A quick stroll through the retail section of Legacy West offers a village-like setting that just feels right. Karahan declined an interview for this article, but it would be unthinkable not to include him. This summary of his accomplishments relies on past interviews, including one with us in April, and on comments by other real estate professionals.
Karahan left his native Istanbul to attend Columbia University on scholarship in 1978 and after that moved to Texas, which he found quintessentially American. Playing weekend soccer, he met a fellow countryman who worked in real estate and went to work for him in 1982.
By 1984 he struck out on his own and did his first deal—an 8,000-square-foot strip center on Webb Chapel Road. In 1993, he hit pay dirt with MacArthur Crossing in Irving, a retail center in what at the time was not considered a good location.

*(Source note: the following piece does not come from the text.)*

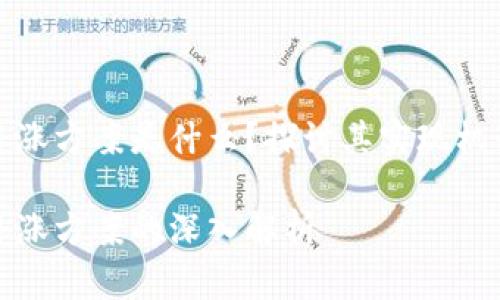 区块链低位补涨方案是什么？探讨其实现机制及潜在机会

区块链低位补涨方案的深入解析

“Early on, I learned what deals to make and what deals not to make,” he told us in April, and it’s a selectivity that’s served him well.
Karahan leaped into the upper levels of the business in 1999 when he bought land in Electronic Data System’s vast Legacy corporate campus in Plano. That led to the Legacy Town Center mixed-use development that includes The Shops at Legacy, a project of which he’s proud.
“It’s not an ordinary shopping center. It’s not an ordinary real estate development. It has heart, it has soul, it has character. It’s a gathering place.” That was followed by Legacy West, and now, Karahan has embarked on his largest development yet.
With Hunt Realty Partners, he will develop a 2,554-acre former ranch owned by the Fields family in north Frisco. The mixed-use project has already attracted the new headquarters of PGA of America, which will also bring high-profile golf tournaments to the area. The golf connection is appropriate, because back in April, Karahan said that Legacy West was like winning the Masters, and what does one do after that? “Keep playing,” he said.
“What attracted me [to the Fields project] was the sheer size—2,600 acres in a strategic location,” he says. “I felt that this is an incredible opportunity to create something significant.”